> DATASET EXTRACT:
****************

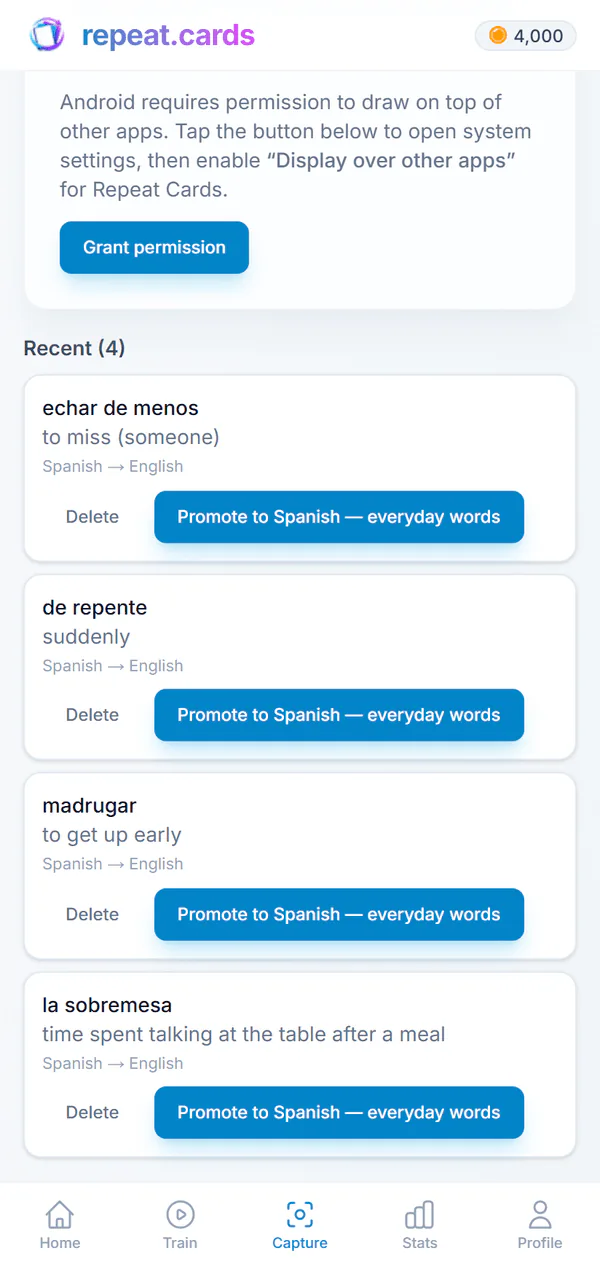 The capture inbox: echar de menos, de repente, madrugar and la sobremesa, each ready to become a card in the Spanish deck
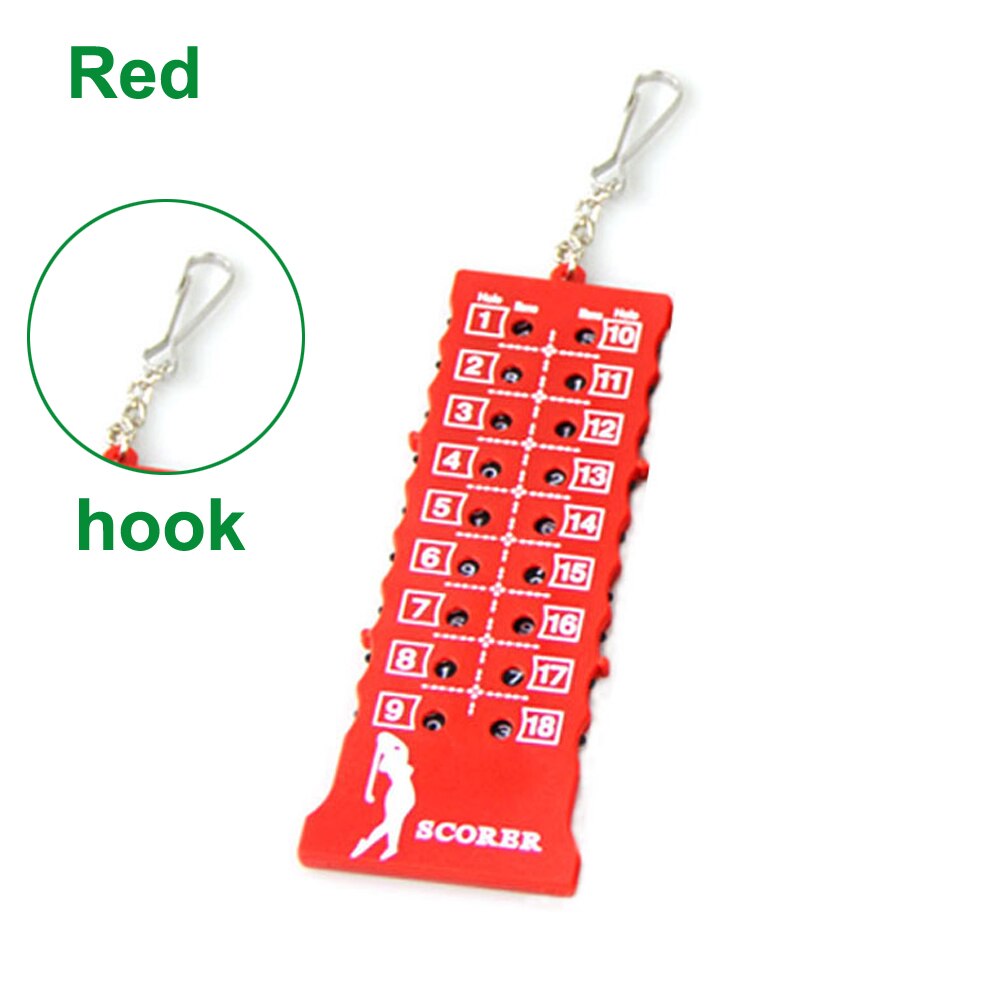 1Pcs 18 Hole Golf Stroke Putt Score Card Counter Golf Score Indicator Met Sleutelhanger Golf Score Teller Golf training Aids: Red-Hook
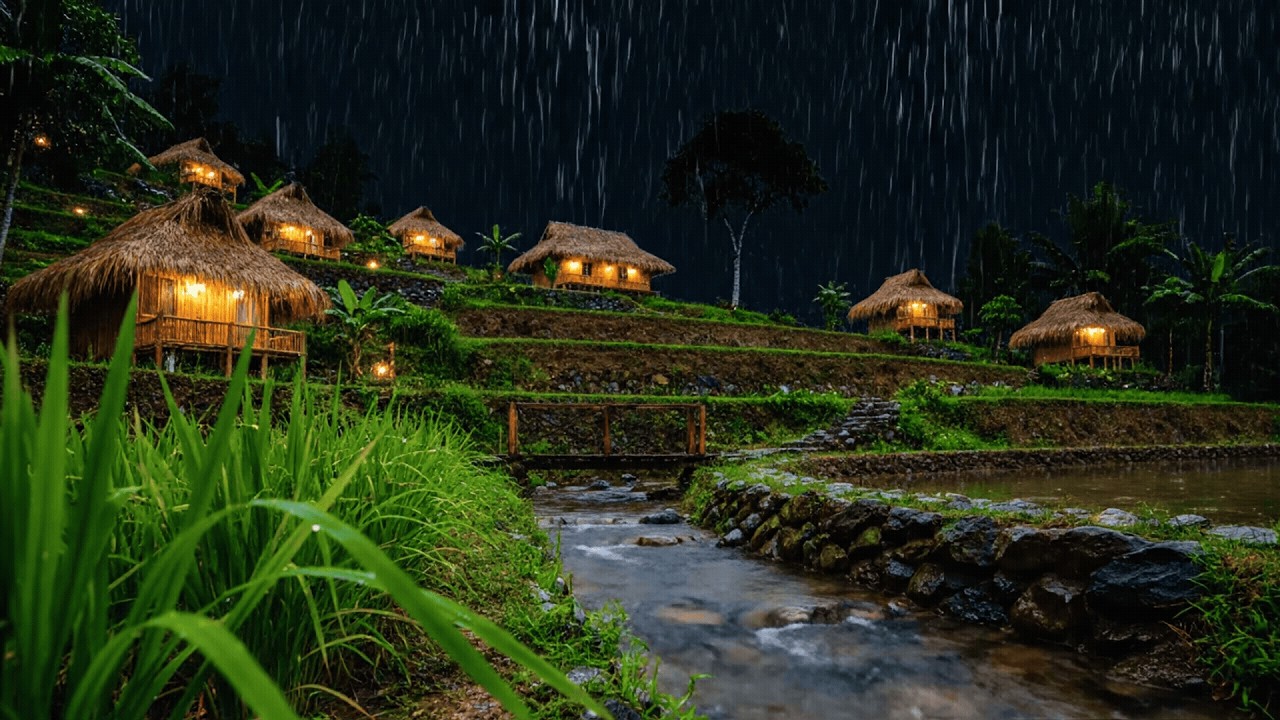 Sleep Instantly 🌧️ Gentle Rain & Cozy Huts | Peaceful Night Ambience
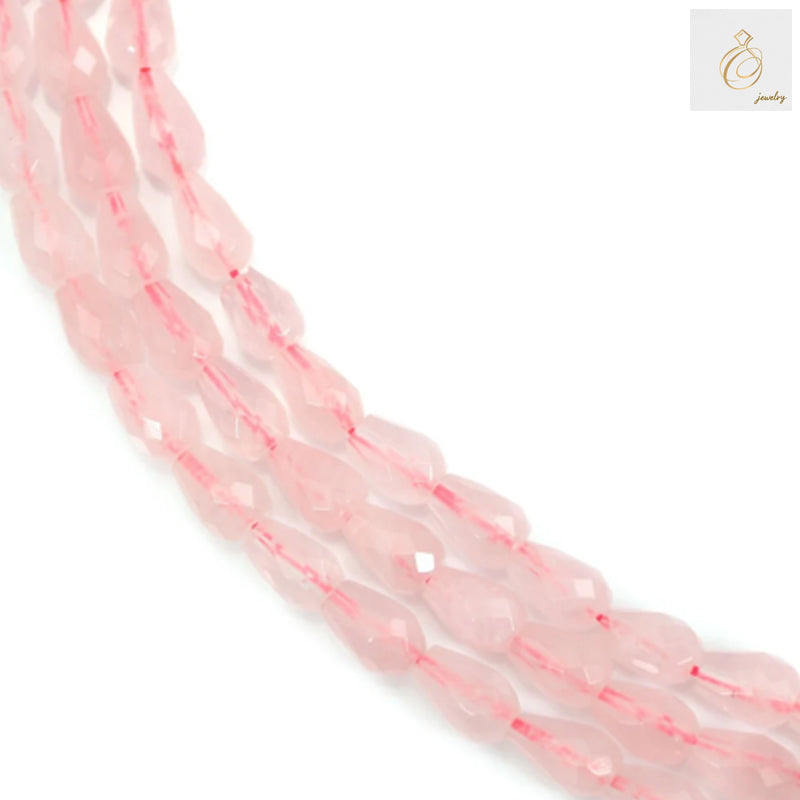 Rose Quartz Faceted Drop Beads 6x9mm - Natural Pink Gemstone Strand for Jewelry Making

****************

Repeat the listing word for word, omitting the pictures.

> OUTPUT OF THE EXERCISE:
 The capture inbox: echar de menos, de repente, madrugar and la sobremesa, each ready to become a card in the Spanish deck
 1Pcs 18 Hole Golf Stroke Putt Score Card Counter Golf Score Indicator Met Sleutelhanger Golf Score Teller Golf training Aids: Red-Hook
 Sleep Instantly 🌧️ Gentle Rain & Cozy Huts | Peaceful Night Ambience
 Rose Quartz Faceted Drop Beads 6x9mm - Natural Pink Gemstone Strand for Jewelry Making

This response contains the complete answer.